If we were fortunate enough to finance this it would buy us time. Interest rates are at historic lows and even a small uptick will have dramatic consequences. Interest rates in Europe are starting to jump due to credit risk. This morning, Portugal’s interest rates jumped to new all-time highs. The ECB’s statement to purchase sovereign debt and bailout EU members carries little weight.

The credit crisis is real and it will grow. In 2007, we heard rumblings of a housing bubble. The market suffered huge declines, but it would quickly rebound when there were no dead bodies. Once Countrywide and Indy Mac went under, the tone changed and the market started to roll over. In a matter of months, the crisis spread like wild fire. This global ponzie scheme will continue until a flashpoint is reached.

The ECB will backstop fringe EU members as long as it can. When Spain and Italy join the party, the end will be near. To put this into perspective, Ireland just got $114 billion in aid ($30k per man, woman and child). Spain, a country with a 20% unemployment rate, is ten times as large.

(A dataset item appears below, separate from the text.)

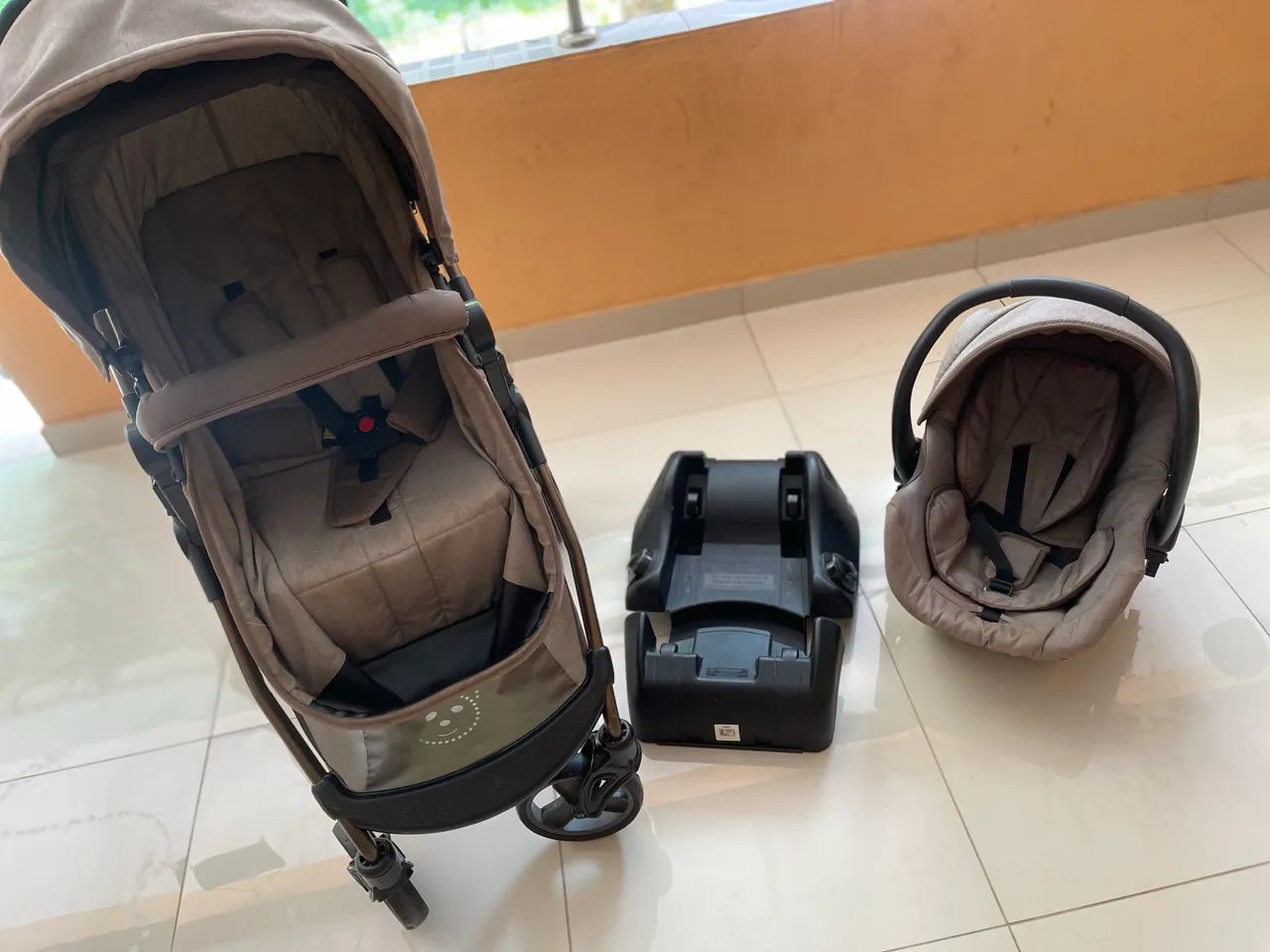 Carrinho de bebê 3 em 1 + bebê conforto com base marca galzerano olympus - Foto 3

The calculation is crude, but we are talking about a $1.2 trillion bailout package just for Spain. Interest rates in Spain and Italy are starting to climb and that is a warning sign.

We hear about all of the fantastic growth in emerging markets every day. China, India, South Korea, Brazil, Russia, Canada, Indonesia and the entire rest of world only comprise 25% of the world’s GDP compared to the US, Europe and Japan. A quarter of the world will not pull the debt laden 75% out of this mess. Emerging markets are dependent on our economy, not the other way around.

Enjoy the rally and use it as an opportunity to lighten up on long positions. I don’t believe we will see new highs this year, but anything can happen as the volume drops off later this month. If resistance at SPY 122 holds firm, I will start selling out of the money call spreads to finance the purchase of long term way out of the money puts. There is no immediate solution to massive deficit spending and that limits the chances for an explosive rally. That is the only scenario that can harm this strategy. If the market inches higher, I should be able to reel in my call spreads without taking too much of a beating. If the market stays flat, my calls will expire and I will own long term puts at a great price. If the market tanks, I stand to make a lot of money.

Look for strong price action today and the rest of the week.